Asimismo compareció en el juicio Epifanio , legal representante del establecimiento Cash Converters, quien ha confirmado que, aunque hoy ya no recuerda quien llevó el casco a la tienda, tienen un libro registro en el establecimiento y siempre firman un contrato y piden el D.N.I. comprobando que la firma del documento y del contrato corresponden a la misma persona. Explica también que cuando una persona reconoce algún efecto como se su propiedad, lo retiran de la venta y proceden a llamar a la policía, presentándose la policía con la correspondiente denuncia del cliente, levantándose la correspondiente acta de intervención. Y a los folios 24 y 25 consta el acta de recogida de efecto de la policía y la copia del contrato con fotocopia del carnet de identidad del vendedor, que es el hoy acusado, por lo que no existe duda de que fue éste el que vendió el casco.
Aparece el escaso precio percibido por el acusado por un casco integral de motorista, veinte euros, precio que se puede considerar ridículo, y aparece que el acusado no ha dado explicación alguna a sus actos, pues no asistió al acto del juicio, por lo que sólo cabe concluir, de todo lo expuesto, que el acusado conocía la procedencia ilícita del casco integral de motorista que vendió y que obtuvo el beneficio económico de veinte euros.
Deduciéndose de todo lo expuesto la procedencia de desestimar el recurso de apelación interpuesto, y confirmar la sentencia recurrida en su integridad, declarando de oficio las costas de esta alzada, al no haber méritos para su imposición a la parte apelante.
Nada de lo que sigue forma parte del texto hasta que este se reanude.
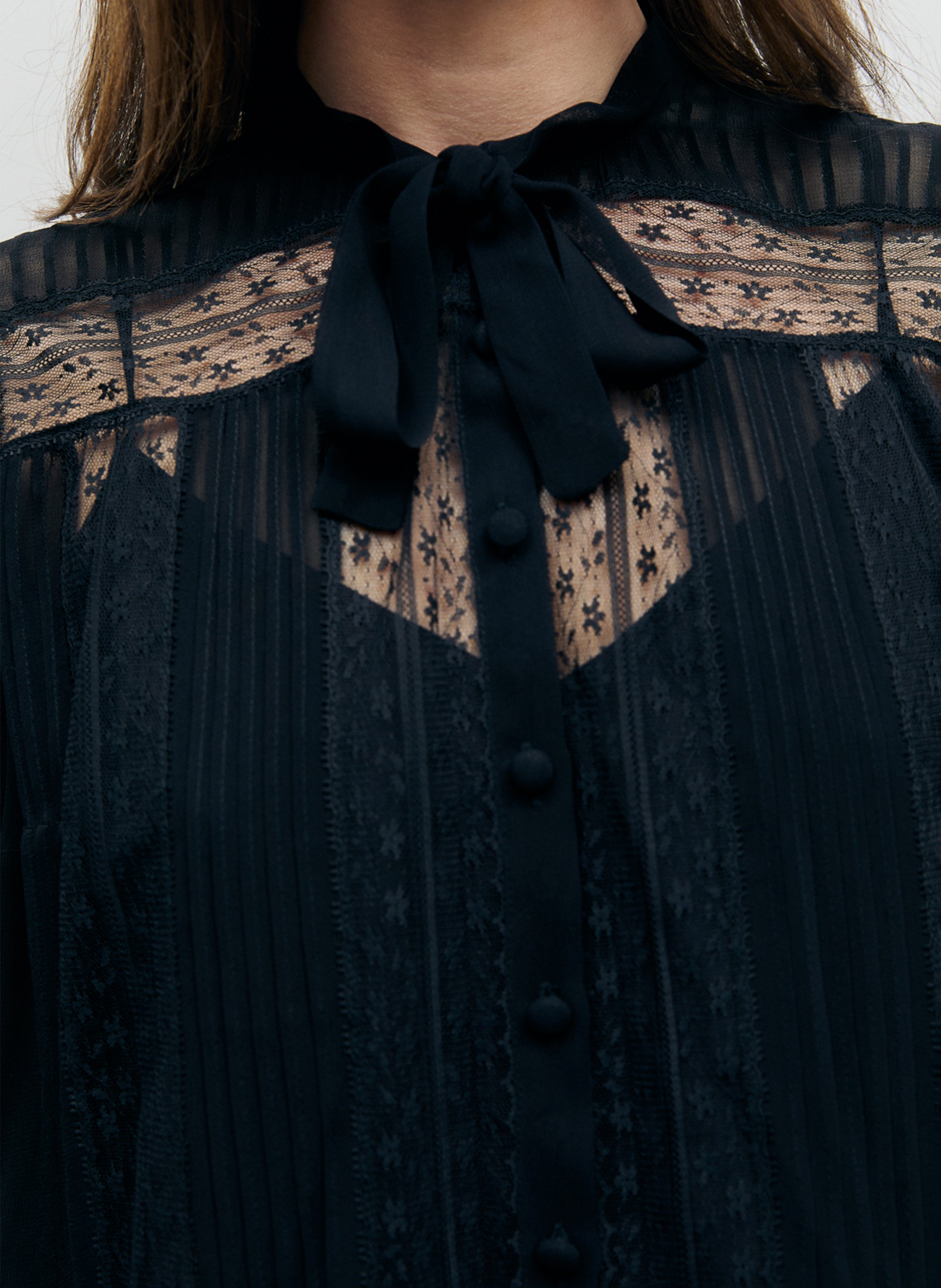 Loose-fitting lace lavallière collar blouse GERARD DAREL Black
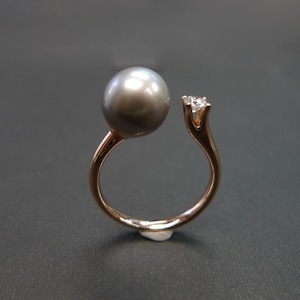 Round Shape Black Pearl and Round Brilliant Cut Diamond Open Ring in 18K Rose Gold image 1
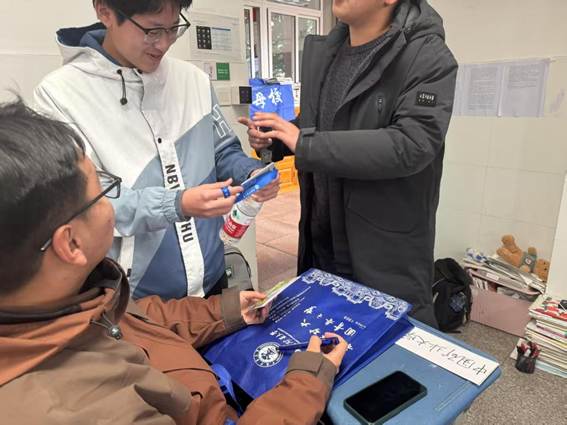 中国矿业大学的咨询处络绎不绝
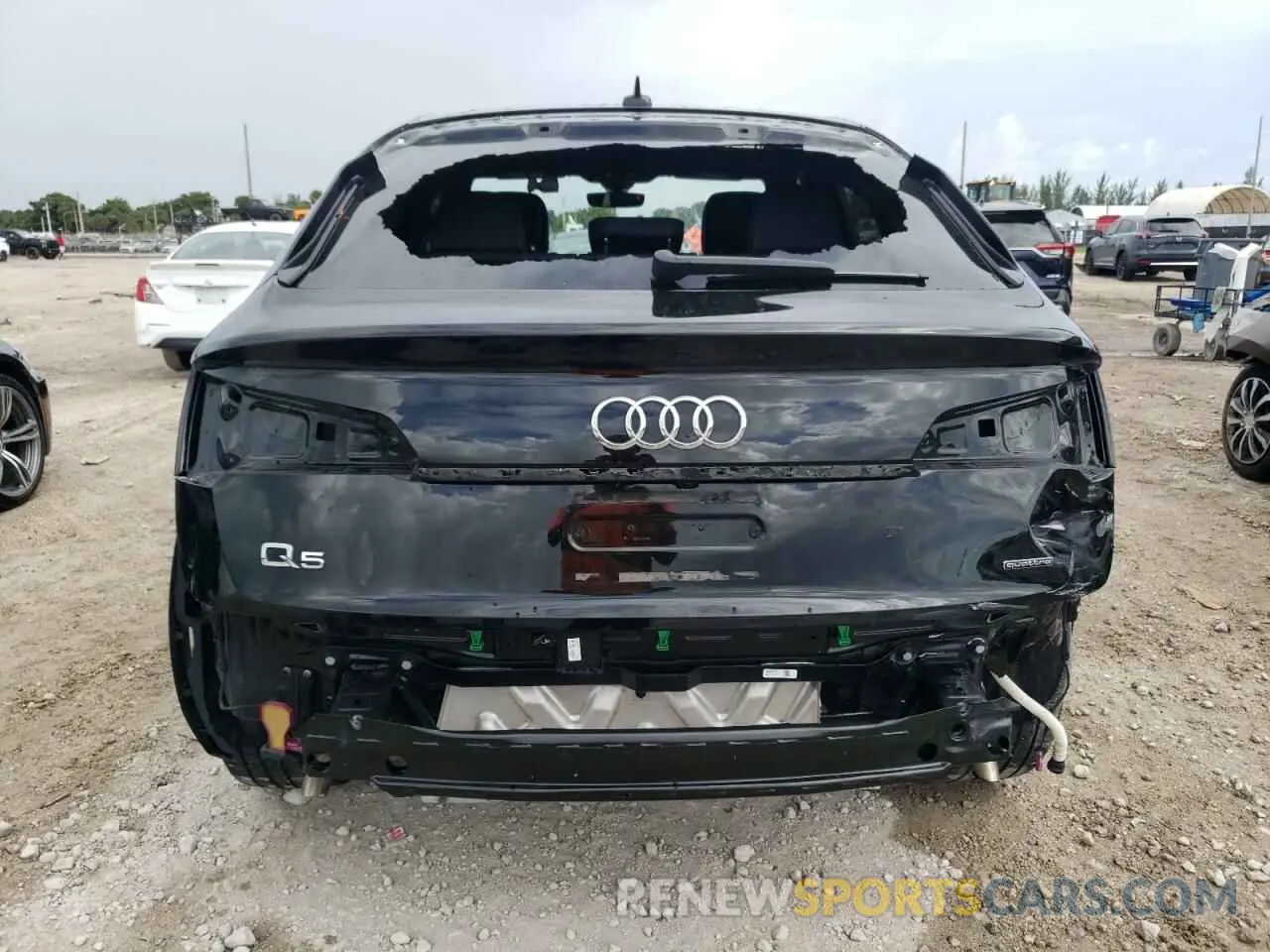6 Photograph of a damaged car WA15AAFY2M2128461 AUDI Q5 2021
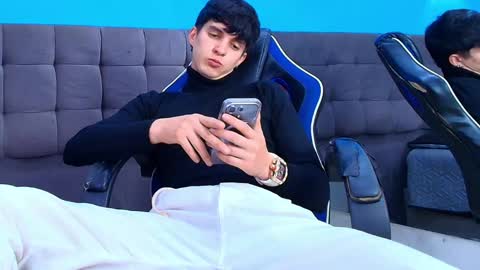 Jheampiero online show from 05-28-26, 04:59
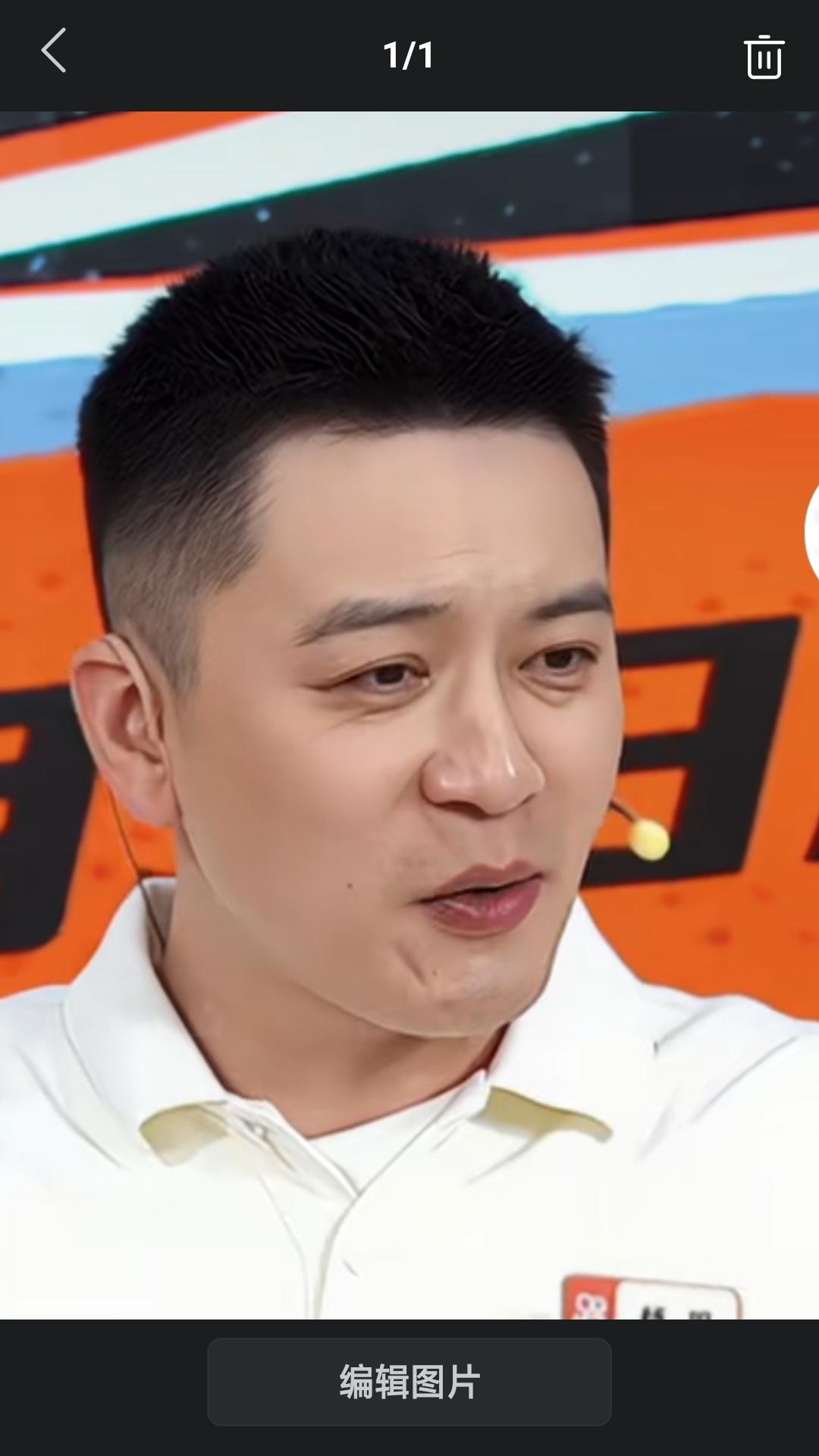 【前辽篮主教练杨鸣在接受采访时直言，虽然离开教练岗位，但自己一直关注着辽宁队的发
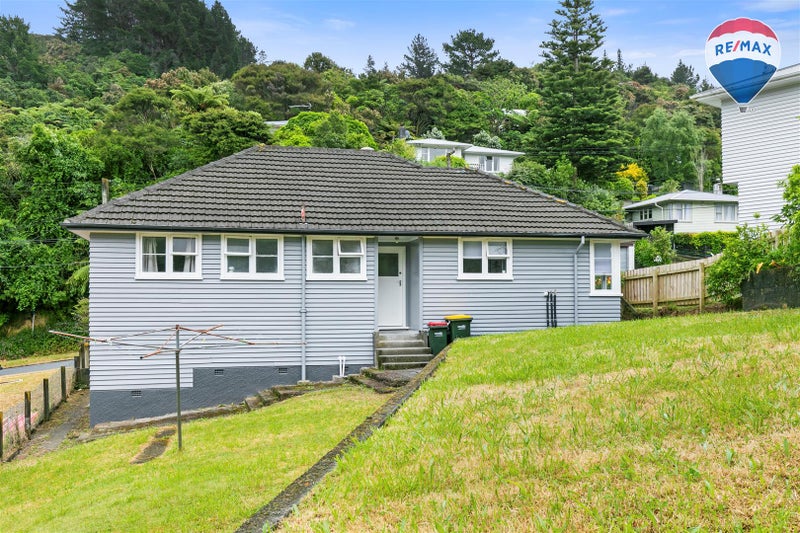 48 Bird Grove, Stokes Valley, Lower Hutt - Carousel 12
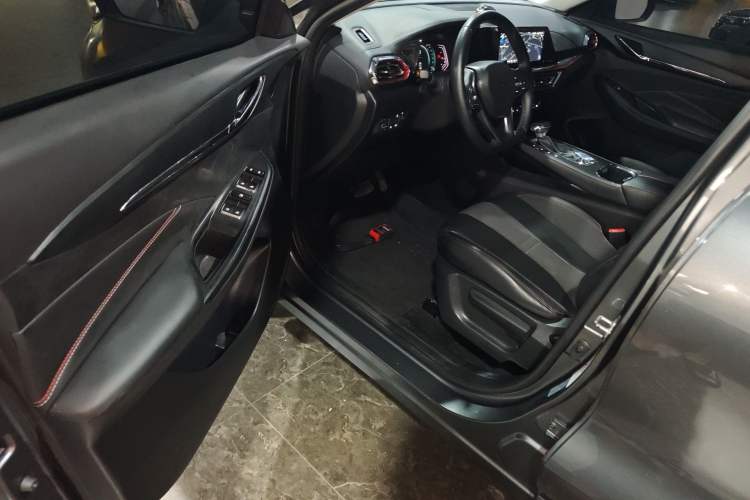 Used CHANGAN OSHAN X5 2021 1.5T DCT Prestige Edition Driver Seat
Así, en ejercicio de la potestad jurisdiccional que nos ha conferido la Constitución Española, y en nombre de Su Majestad El Rey.
Fallo
Que desestimando el recurso de apelación interpuesto por la Procuradora Dª. María Villegas Ruiz, en representación de D. Alonso , contra la sentencia dictada por el Juzgado de lo Penal nº 21 de Madrid, de fecha 3 de Junio de 2014 , y a los que este procedimiento se contrae, debemos CONFIRMAR y CONFIRMAMOS íntegramente la misma, declarando de oficio las costas causadas en esta alzada.Siendo firme esta Sentencia desde ésta fecha, por no caber contra ella recurso alguno, devuélvase la causa original junto con su testimonio al Juzgado de procedencia para su ejecución y cumplimiento, una vez notificada a las partes.
Así por ésta nuestra Sentencia, lo pronunciamos, mandamos y firmamos.